"Leaders Training Leaders" Has Failed as a Church Growth Strategy

Leaders training leaders is a pretty common strategy within the leadership world. I heard it again recently on the John Maxwell podcast. However, it has also been popular in the church world - including more conservative evangelical churches.

In terms of the church, the idea is that if the pastor is fairly unselective on where (or specifically who) he focuses his time then he can do all kinds of good work to grow the church - evangelistic outreach, Bible studies etc. and in doing so he may well be used to bring growth to the church. However, the growth will be additive (for which read slow). In contrast, if the pastor wants to be effective and bring multiplicative growth (for which read fast), then he should focus on raising up more leaders. This appears to make sense, if you do it right you will raise up more and more people to do the work and stimulate the work.

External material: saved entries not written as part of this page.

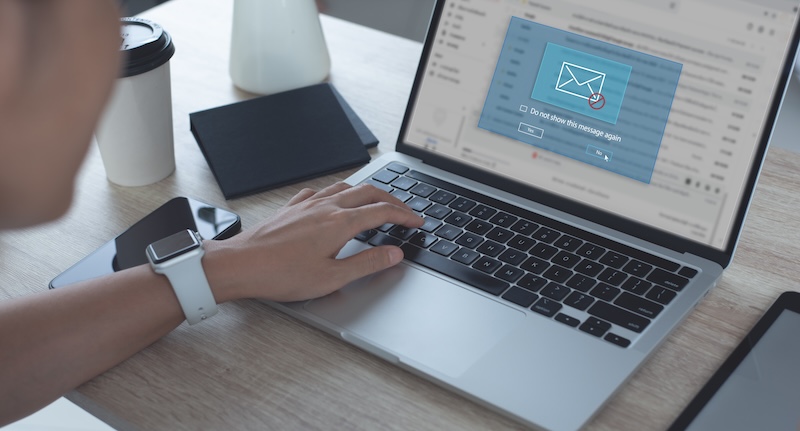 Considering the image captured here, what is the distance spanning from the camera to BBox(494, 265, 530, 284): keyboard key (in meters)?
0.92

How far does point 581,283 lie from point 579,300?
0.10ft

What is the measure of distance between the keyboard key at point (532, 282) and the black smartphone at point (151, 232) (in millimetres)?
376

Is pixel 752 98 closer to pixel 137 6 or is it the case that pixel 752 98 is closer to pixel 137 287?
pixel 137 287

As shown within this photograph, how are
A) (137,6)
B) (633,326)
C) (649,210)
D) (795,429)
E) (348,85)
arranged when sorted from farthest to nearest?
(137,6), (348,85), (649,210), (633,326), (795,429)

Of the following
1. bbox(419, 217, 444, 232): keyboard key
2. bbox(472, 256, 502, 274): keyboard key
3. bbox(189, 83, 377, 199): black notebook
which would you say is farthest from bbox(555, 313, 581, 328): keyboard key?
bbox(189, 83, 377, 199): black notebook

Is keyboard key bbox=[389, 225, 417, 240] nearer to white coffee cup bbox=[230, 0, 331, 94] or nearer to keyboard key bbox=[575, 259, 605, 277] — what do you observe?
keyboard key bbox=[575, 259, 605, 277]

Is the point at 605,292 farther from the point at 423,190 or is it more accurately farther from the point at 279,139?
the point at 279,139

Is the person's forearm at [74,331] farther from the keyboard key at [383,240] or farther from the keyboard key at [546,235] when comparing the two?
the keyboard key at [546,235]

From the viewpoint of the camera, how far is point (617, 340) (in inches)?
32.8

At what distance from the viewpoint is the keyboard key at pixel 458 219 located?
3.33ft

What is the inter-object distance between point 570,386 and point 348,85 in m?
0.76

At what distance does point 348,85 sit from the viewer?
1388mm

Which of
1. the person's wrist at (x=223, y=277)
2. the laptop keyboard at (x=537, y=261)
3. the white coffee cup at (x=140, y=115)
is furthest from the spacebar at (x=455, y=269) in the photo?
the white coffee cup at (x=140, y=115)

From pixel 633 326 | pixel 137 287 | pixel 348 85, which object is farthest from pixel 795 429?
pixel 348 85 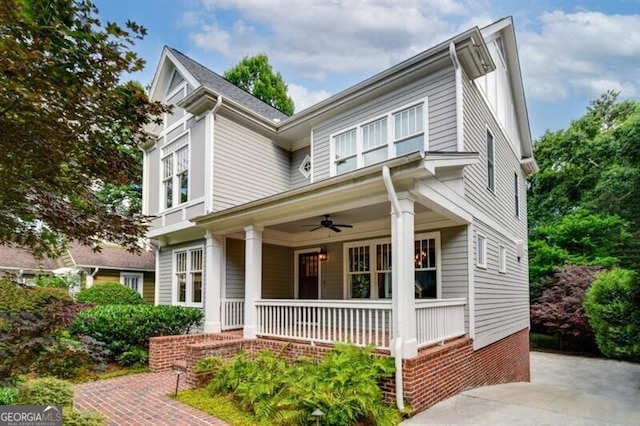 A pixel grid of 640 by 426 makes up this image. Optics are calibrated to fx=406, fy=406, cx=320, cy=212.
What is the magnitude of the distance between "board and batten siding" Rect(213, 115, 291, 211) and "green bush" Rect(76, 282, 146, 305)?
17.7 ft

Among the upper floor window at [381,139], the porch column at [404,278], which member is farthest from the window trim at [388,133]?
the porch column at [404,278]

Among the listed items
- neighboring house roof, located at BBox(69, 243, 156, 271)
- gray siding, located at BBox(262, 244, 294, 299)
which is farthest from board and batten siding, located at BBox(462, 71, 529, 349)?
neighboring house roof, located at BBox(69, 243, 156, 271)

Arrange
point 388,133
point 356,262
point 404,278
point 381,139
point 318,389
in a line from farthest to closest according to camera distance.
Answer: point 356,262
point 381,139
point 388,133
point 404,278
point 318,389

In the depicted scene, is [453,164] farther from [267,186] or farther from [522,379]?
[522,379]

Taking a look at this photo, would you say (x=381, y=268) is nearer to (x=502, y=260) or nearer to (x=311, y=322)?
(x=311, y=322)

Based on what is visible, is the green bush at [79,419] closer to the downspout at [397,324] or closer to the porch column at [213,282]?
the downspout at [397,324]

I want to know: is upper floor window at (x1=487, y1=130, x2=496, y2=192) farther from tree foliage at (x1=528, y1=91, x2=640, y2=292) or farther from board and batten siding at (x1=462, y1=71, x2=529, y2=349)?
tree foliage at (x1=528, y1=91, x2=640, y2=292)

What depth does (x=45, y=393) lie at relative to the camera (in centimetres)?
493

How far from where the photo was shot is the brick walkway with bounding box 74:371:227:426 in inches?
227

I first experienced this idea in the church in the early 2000s and I have to admit was immediately concerned. I think it could be a useful corrective. I do think the Bible encourages us to raise up leaders for the church (e.g. 2 Timothy 2:2; Titus 1:5) and it may be the case that as churches we had taken our eye of the ball.

However, it needs to be held tight with the more general exhortations. We are all to be disciples who make disciples (as we find in the Great Commission, Matthew 28:16-20). And leaders are (I think primarily?) there to equip church members not other leaders for works of ministry and so build the church to unity and maturity (Ephesians 4:11-13). I think most of those who encouraged leaders training leaders would agree entirely with that, but...

My concern at the time was that we seemed to focus on the training leaders on the assumption that it would trickle down. I increasingly wonder if the "trickle down" approach is always a mistake. It seems to me it never happens unless it is intentional. What we did was train leaders to train leaders to train leaders etc. The problem was we multiplied leaders, but not disciples.

I think that approach has really come home to roost. In, say 2000-2010, the focus on training leaders meant watching out for as many people as possible who might be leadership candidates. We then poured into them via training schemes in churches, with gospel partnerships and so on. Then for those who were appropriate they went off to Bible college. In my time at Oak Hill I think we had some of the largest numbers training for all kinds of ministry there had been - at least for a long time.

It seems to me three problems flowed from this:

  1. There were no jobs for all these leaders. Often we had trained up very competent and quite talented people who would have been "successful" in their previous field. Then we dropped them into a church scene where the few (and that's another blog in itself!) returned to the big training churches to have successful "careers" preaching, writing and speaking at conferences and the many went on to difficult and often not very "successful" ministries. They either left ministry, stopped being faithful or struggled. The many who struggle on are repeatedly wishing for some mature disciples to come and help their struggling churches, but they don't come (perhaps because they aren't really there).
  2. The church didn't explode with growth because the model actually took the focus away from making disciples. If you like we trained leaders who have no followers! For the plan to work, I think the large churches training leaders probably needed to be really successful in training and sending mature disciples with them. It simply wasn't enough to send a church plant with one leader and 30 people every few years if you were sending 2 or 3 people to college every year! The maths didn't add up and so the pipeline was ill-conceived.
  3. The problem with the model is that you trained leaders who were good at training leaders, but you didn't train evangelists and disciple-makers (and maybe we selected the wrong people for leadership in that light?). Now this is an overstatement, of course. But you certainly weren't training people to go into the kind of ministry which they were then forced to take on. Unsurprisingly, most of us weren't very good at it!

My understanding is that there are now far fewer people in either church-based or college training. There are various reasons for this, but I wonder if a key is that it was a boom and bust strategy and there's a degree to which things are returning to a kind of equilibrium.

The interesting thing listening to that John Maxwell podcast was that the hosts picked up two stages of leadership. Before you go on to leaders training leaders, you need to build something that is worth passing on to other leaders. You need to do the hard work of additive growth before you can move to multiplicative growth.

This was, I think, the gap in the strategy. I wrote a while back about the decline of the evangelical church in the UK. The key to changing that is that we need healthy churches that are maturing as leaders train all the church to use their gifts in making disciples. I think this will be slow and we will almost certainly see pretty steep decline first. The reason for that is that is probably that we need more disciples before we need more leaders and that will take time. Just pity the generation of leaders facing impossible jobs.